Segment Start: Supplied information
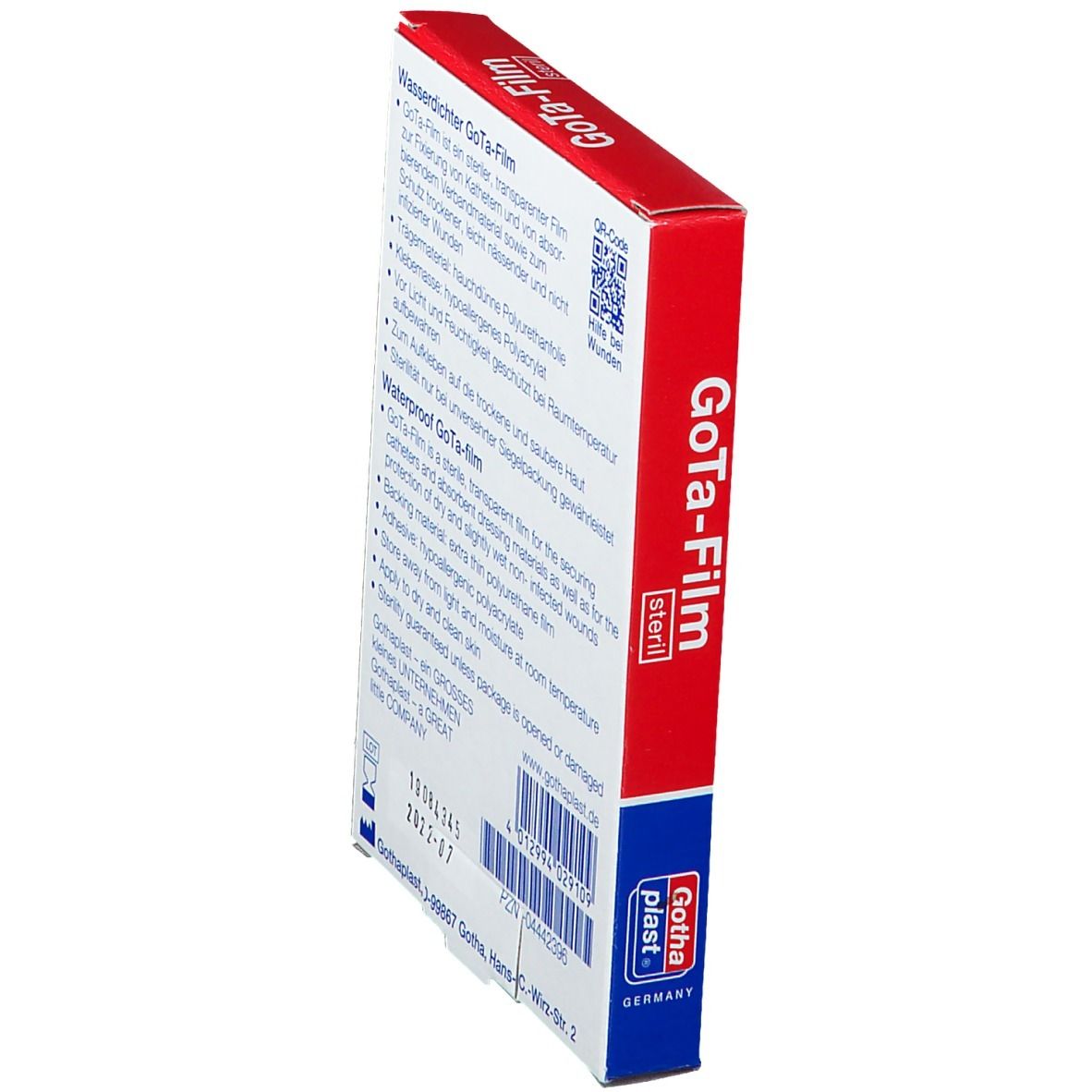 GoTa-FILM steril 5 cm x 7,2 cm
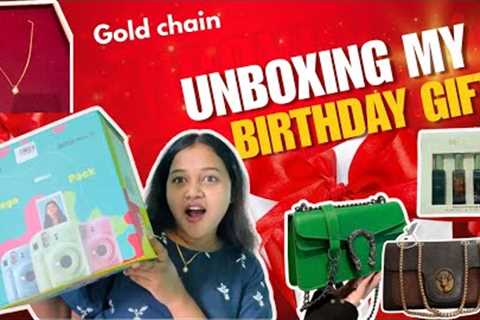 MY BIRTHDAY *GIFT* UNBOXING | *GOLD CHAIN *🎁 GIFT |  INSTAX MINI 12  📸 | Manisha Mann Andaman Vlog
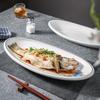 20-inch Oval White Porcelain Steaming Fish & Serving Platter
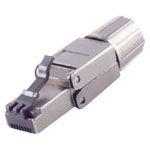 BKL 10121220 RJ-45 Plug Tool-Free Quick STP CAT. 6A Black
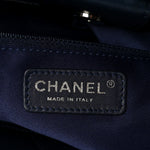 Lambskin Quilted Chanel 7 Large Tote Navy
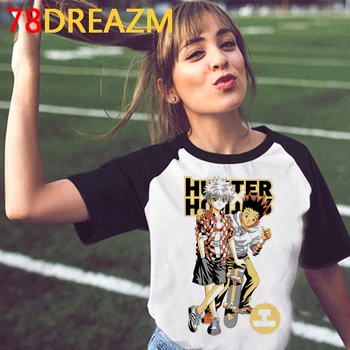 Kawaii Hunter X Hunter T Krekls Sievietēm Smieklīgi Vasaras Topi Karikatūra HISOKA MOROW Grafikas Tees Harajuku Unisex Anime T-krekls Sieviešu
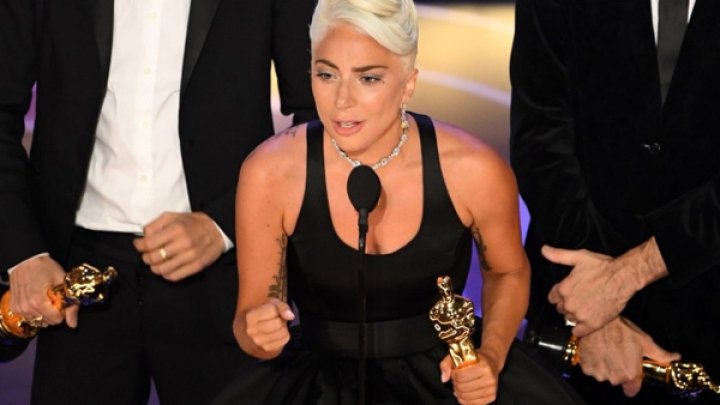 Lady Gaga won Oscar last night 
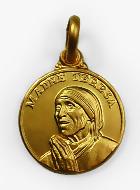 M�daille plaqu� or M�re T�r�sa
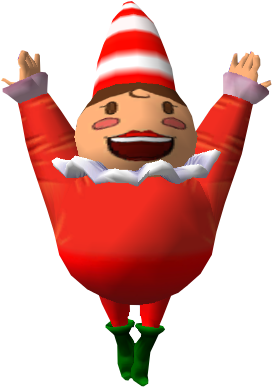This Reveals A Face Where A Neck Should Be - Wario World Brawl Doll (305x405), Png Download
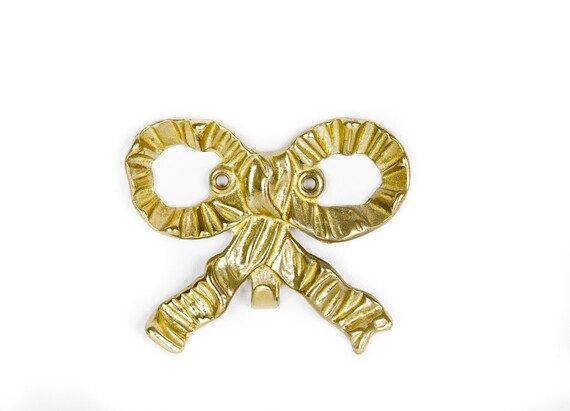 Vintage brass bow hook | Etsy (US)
Segment End: Supplied information
Segment Start: Supplied information
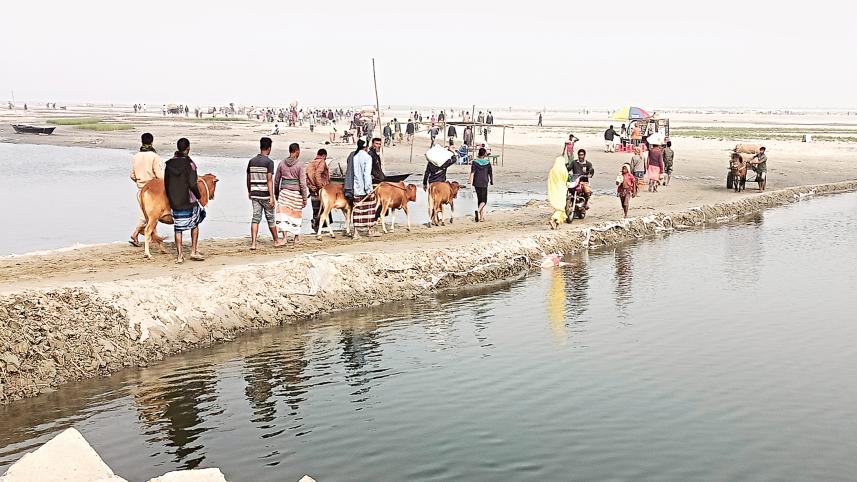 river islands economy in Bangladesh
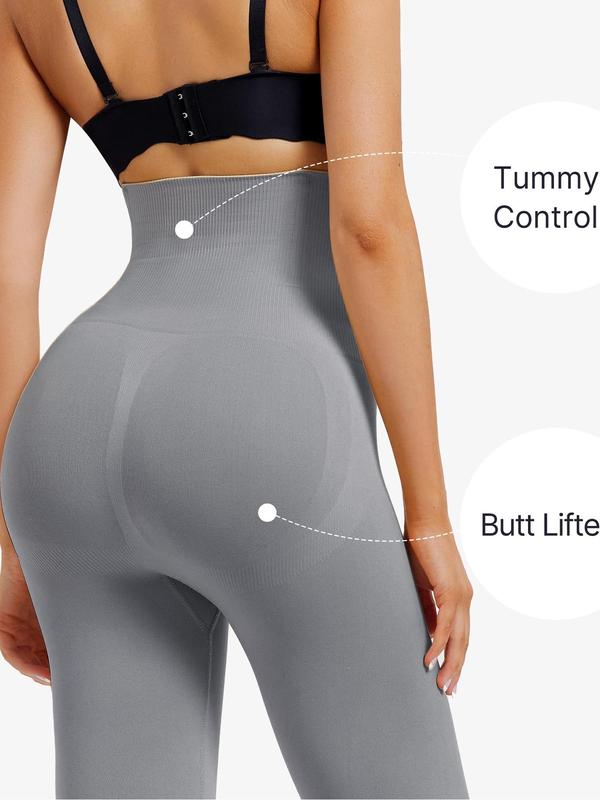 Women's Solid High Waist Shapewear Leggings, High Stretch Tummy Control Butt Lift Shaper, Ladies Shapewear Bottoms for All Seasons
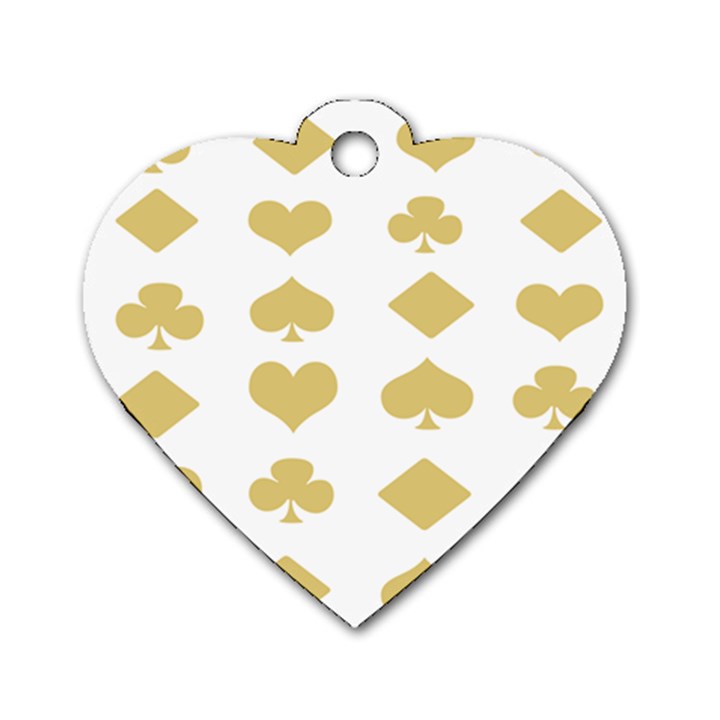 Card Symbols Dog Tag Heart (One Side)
Segment End: Supplied information
Segment Start: Supplied information
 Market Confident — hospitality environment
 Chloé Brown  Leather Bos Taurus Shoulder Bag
Segment End: Supplied information
*Exercise goal*
Going by the data above, give back only the lines from the one containing "Women's Solid High" through the one containing "Card Symbols Dog Tag Heart (One Side)", exactly as they stand, both ends included and no images.

*Written response*
 Women's Solid High Waist Shapewear Leggings, High Stretch Tummy Control Butt Lift Shaper, Ladies Shapewear Bottoms for All Seasons
 Card Symbols Dog Tag Heart (One Side)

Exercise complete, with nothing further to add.